* Video webpage
http://mediathek.daserste.de/sendungen_a-z/3304234_ard-sondersendung/19295624_edward-snowden-interview-in-english
* Direct download
http://media.ndr.de/progressive_geo/2014/0127/TV-20140127-1338-2142.hq.mp4
* Transscript
http://www.ndr.de/ratgeber/netzwelt/snowden277.html
Most interesting I found:
> You could read anyone’s email in the world. Anybody you’ve got email
> address for, any website you can watch traffic to and from it, any
> computer that an individual sits at you can watch it, any laptop that
> you’re tracking you can follow it as it moves from place to place
> throughout the world.

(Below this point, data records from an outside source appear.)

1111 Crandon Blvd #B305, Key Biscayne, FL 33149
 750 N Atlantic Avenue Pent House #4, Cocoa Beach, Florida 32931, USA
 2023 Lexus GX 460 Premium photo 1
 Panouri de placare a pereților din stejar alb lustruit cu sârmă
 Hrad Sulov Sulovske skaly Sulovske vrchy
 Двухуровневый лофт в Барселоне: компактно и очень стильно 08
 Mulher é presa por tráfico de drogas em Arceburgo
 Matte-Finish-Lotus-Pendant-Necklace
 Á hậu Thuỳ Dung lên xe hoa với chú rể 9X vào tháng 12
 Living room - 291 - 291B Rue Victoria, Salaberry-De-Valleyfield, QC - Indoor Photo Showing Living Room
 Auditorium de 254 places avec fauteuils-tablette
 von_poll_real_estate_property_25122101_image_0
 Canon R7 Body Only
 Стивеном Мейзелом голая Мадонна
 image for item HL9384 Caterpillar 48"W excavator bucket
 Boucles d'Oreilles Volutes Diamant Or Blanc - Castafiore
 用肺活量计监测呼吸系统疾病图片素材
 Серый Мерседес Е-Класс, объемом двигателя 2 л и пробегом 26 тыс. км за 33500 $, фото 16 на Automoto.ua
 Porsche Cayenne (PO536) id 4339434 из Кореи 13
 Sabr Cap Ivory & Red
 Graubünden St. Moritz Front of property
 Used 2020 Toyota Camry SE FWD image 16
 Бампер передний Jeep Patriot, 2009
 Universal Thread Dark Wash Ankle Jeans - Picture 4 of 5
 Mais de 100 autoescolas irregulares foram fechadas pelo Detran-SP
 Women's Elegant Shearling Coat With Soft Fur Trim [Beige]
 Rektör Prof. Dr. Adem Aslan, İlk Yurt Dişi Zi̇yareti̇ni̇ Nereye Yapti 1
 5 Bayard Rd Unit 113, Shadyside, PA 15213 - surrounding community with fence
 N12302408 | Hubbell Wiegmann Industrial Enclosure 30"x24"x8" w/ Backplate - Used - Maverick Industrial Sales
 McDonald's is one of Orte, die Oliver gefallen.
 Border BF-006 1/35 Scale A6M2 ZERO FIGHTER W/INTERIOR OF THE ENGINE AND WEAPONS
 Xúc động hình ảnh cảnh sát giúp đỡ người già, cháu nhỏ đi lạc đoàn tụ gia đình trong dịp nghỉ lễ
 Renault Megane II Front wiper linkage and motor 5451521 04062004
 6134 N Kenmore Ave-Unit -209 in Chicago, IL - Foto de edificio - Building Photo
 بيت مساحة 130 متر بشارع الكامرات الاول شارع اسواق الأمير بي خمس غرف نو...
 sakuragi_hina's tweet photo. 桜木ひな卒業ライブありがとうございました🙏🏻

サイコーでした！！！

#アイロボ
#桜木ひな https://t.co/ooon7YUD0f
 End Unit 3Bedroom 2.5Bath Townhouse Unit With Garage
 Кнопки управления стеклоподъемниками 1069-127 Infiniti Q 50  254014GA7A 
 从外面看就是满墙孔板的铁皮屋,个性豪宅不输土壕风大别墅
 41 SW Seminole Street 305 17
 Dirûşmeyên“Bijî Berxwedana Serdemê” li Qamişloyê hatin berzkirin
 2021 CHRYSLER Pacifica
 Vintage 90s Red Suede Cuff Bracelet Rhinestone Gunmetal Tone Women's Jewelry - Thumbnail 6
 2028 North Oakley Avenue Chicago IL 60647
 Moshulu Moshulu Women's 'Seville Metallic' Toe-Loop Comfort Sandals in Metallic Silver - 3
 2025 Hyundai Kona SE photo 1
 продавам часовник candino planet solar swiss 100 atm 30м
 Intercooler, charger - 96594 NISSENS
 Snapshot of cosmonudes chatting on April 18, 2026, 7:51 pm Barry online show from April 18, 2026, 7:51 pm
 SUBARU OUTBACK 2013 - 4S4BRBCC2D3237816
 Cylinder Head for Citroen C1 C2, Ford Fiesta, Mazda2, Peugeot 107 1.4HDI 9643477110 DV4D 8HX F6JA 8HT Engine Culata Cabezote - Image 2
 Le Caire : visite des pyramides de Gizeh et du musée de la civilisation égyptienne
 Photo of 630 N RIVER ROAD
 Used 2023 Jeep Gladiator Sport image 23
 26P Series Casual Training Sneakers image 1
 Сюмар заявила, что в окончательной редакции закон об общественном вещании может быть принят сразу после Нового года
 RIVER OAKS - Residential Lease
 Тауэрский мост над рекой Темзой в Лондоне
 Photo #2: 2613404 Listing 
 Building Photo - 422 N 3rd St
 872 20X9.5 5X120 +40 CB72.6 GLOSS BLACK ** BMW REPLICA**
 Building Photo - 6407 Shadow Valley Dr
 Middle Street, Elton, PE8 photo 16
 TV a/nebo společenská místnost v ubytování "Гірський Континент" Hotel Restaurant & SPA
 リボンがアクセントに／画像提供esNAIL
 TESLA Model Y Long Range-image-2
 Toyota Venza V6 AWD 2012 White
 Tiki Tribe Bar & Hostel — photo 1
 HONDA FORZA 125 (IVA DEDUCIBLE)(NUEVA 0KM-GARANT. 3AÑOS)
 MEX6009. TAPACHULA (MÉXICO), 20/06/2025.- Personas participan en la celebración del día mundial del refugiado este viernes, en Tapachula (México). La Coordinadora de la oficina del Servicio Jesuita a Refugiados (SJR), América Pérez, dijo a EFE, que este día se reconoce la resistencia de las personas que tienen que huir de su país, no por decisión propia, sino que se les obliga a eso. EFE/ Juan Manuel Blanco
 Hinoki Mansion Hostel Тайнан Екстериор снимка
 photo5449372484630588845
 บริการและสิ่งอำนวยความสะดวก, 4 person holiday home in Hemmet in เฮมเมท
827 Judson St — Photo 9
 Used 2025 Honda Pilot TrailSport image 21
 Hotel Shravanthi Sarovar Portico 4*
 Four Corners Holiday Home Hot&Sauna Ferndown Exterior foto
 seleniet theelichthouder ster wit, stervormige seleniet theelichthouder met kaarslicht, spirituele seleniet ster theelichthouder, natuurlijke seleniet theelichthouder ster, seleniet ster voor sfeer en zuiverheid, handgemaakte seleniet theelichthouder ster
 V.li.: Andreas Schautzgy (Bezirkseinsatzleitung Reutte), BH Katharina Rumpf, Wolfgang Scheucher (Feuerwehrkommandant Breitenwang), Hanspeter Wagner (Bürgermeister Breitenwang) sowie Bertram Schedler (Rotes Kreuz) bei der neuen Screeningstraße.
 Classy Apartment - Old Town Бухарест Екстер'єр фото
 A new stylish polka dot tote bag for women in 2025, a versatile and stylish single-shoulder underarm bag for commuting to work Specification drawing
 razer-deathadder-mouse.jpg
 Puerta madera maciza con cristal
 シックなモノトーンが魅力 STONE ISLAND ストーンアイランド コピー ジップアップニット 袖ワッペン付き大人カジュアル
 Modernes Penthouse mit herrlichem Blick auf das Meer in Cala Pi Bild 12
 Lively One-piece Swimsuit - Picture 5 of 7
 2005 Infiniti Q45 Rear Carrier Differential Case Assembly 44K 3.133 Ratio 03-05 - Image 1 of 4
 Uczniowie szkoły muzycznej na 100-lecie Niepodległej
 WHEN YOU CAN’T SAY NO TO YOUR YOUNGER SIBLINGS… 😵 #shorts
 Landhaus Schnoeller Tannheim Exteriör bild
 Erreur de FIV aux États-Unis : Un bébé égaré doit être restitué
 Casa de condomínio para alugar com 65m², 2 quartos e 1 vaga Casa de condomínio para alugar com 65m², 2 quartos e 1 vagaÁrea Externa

It’s a one stop shop for access to the NSA’s
> information. And what’s more you can tag individuals using
> "XKeyscore". Let’s say I saw you once and I thought what you were
> doing was interesting or you just have access that’s interesting to
> me, let’s say you work at a major German corporation and I want access
> to that network, I can track your username on a website on a form
> somewhere, I can track your real name, I can track associations with
> your friends and I can build what’s called a fingerprint which is
> network activity unique to you which means anywhere you go in the
> world anywhere you try to sort of hide your online presence hide your
> identity, the NSA can find you and anyone who’s allowed to use this or
> who the NSA shares their software with can do the same thing. Germany
> is one of the countries that have access to "XKeyscore".
Esp. "I can build what’s called a fingerprint which is network activity
unique to you which means anywhere you go in the world"
He didn't elaborate on what this "fingerprint" is based on, but it could be:
* Obviously, log in to email, fetch emails
* Set of websites I regularly visit, e.g. regular visits to the set of
heise.de,
nytimes.com and
mozilla.org is probably fairly unique in
the world.
* EFF's panopticlick
* Unique IDs in "phone home", e.g "Firefox Health Services". This is
precisely why I opposed Metrics, I wrote in bug 718066 comment 2:
"Having a UUID would allow, for example, to track all my dynamic IP
addresses over time, and allow to build a profile, when combined
with access logs. If I have a notebook or mobile browser, it would
even allow to track the places where I go based on IP geolocation /
whois data."
and I was thinking of the NSA, and now Snowden confirms that they
are doing precisely that.
I think we have to draw conclusions from this - remove anything that can
identify a single user, unless he explicitly chooses to identify himself.